Dipaparkan dia, tidak semua BPR terdata di Bank Indonesia. Hanya BPR-BPR dengan modal di atas Rp200 milyar yang terdata dan memiliki akses untuk mendata nama-nama debitur yang bermasalah di Bank Indonesia. "Jadi BPR yang modalnya dibawah Rp20 milyar, biasanya tidak mengakses data debitur di Bank Indonesia, sehingga bisa saja mereka tidak mengetahui rekam jejak debitur yang bersangkutan," katanya.
Kasus serupa
Sebelumnya di Kota Jambi, kejadian serupa pernah terjadi di Kantor Satuan Polisi Pamong Praja. Oknum bendahara atas nama Endriyati yang saat ini telah ditetapkan sebagai tersangka dan sedang dalam proses Pengadilan Negri Jambi dalam kasus kredit macet di sejumlah BPR di kota itu.
Dalam kasus pinjaman senilai Rp 2 milyar atas 25 orang debitur Anggoat Pol PP Kota Jambi itu telah  mengakibatkan kerugian Rp 558 juta. Endriyati merupakan bendahara yang menjadi koordinator pembayaran tagihan.
Pembayaran tagihan dalam kerjasama pinjaman kredit secara kolektif antara BPR dengan kantor Satpol PP, dilakukan lewat pemotongan gaji secara langsung. Dalam MoU atau nota kesepahaman, telah disepakati bahwa pembayaran dengan cara pemotongan gaji, yang dikumpulkan dan atas tanggung jawab bendahara Endriyati.

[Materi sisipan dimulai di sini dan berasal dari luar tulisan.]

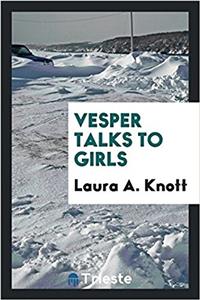 VESPER TALKS TO GIRLS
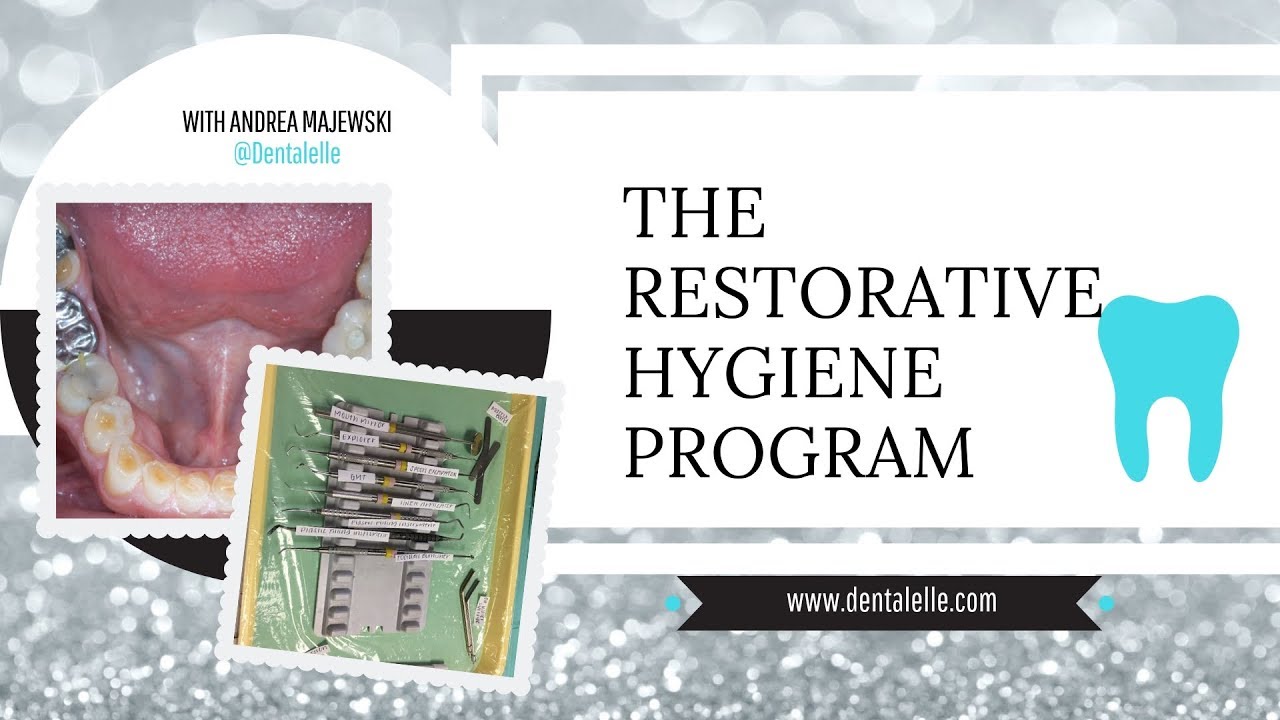 A Look Inside the Restorative Hygiene Program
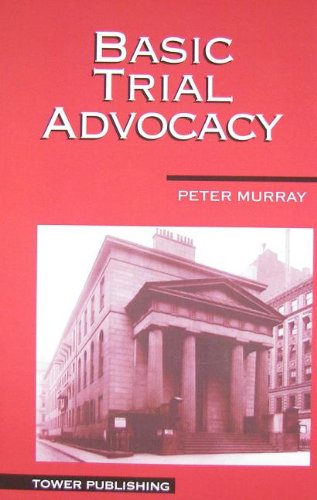 Basic Trial Advocacy by Peter L. Murray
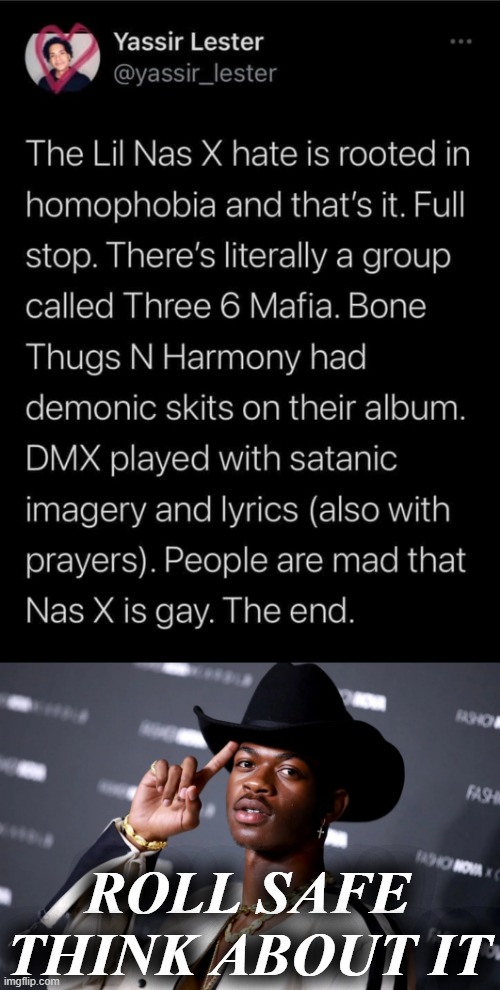 no no he's got a point | ROLL SAFE THINK ABOUT IT | image tagged in black gay cowboy rapper,roll safe think about it,rapper,gay,controversy,controversial | made w/ Imgflip meme maker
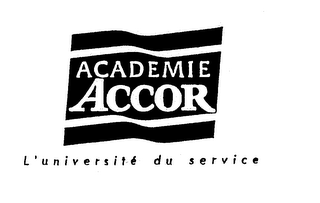 ACADEMIE ACCOR L'UNIVERSITE DU SERVICE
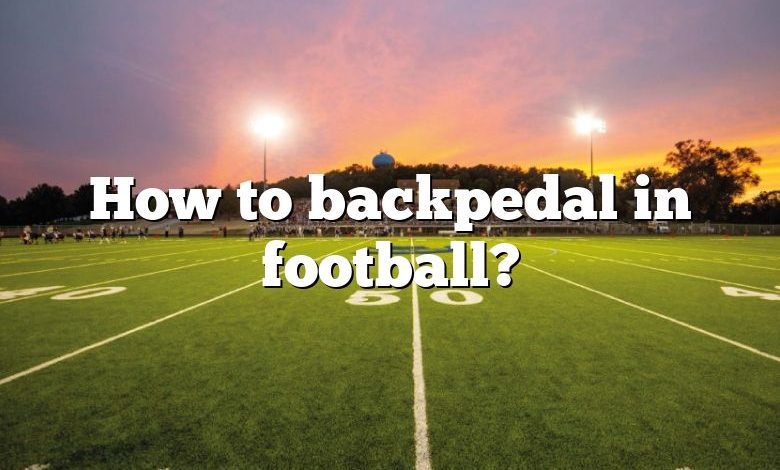 How to backpedal in football?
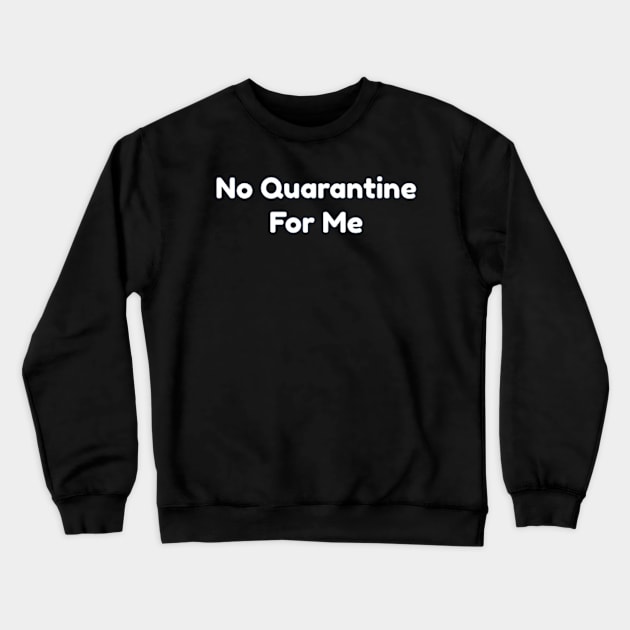 I Hate Quarantine Crewneck Sweatshirt by Alemway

Namun, dalam persidangan ditemukan pemalsuan dokumen. Beberapa orang pegawai Satpol PP dipalsukan tanda tangannya. Mereka tidak mengajukan pinjaman ke BPR, namun ada di pengajuan. Ini diketahui ketika melakukan penagihan yang ternyata tagihan tidak tidak sesuai pencairan. Dalam data, ditemukan juga debitur yang ternyata pegawai tidak tetap (PTT), bukan pegawai negeri sipil (PNS).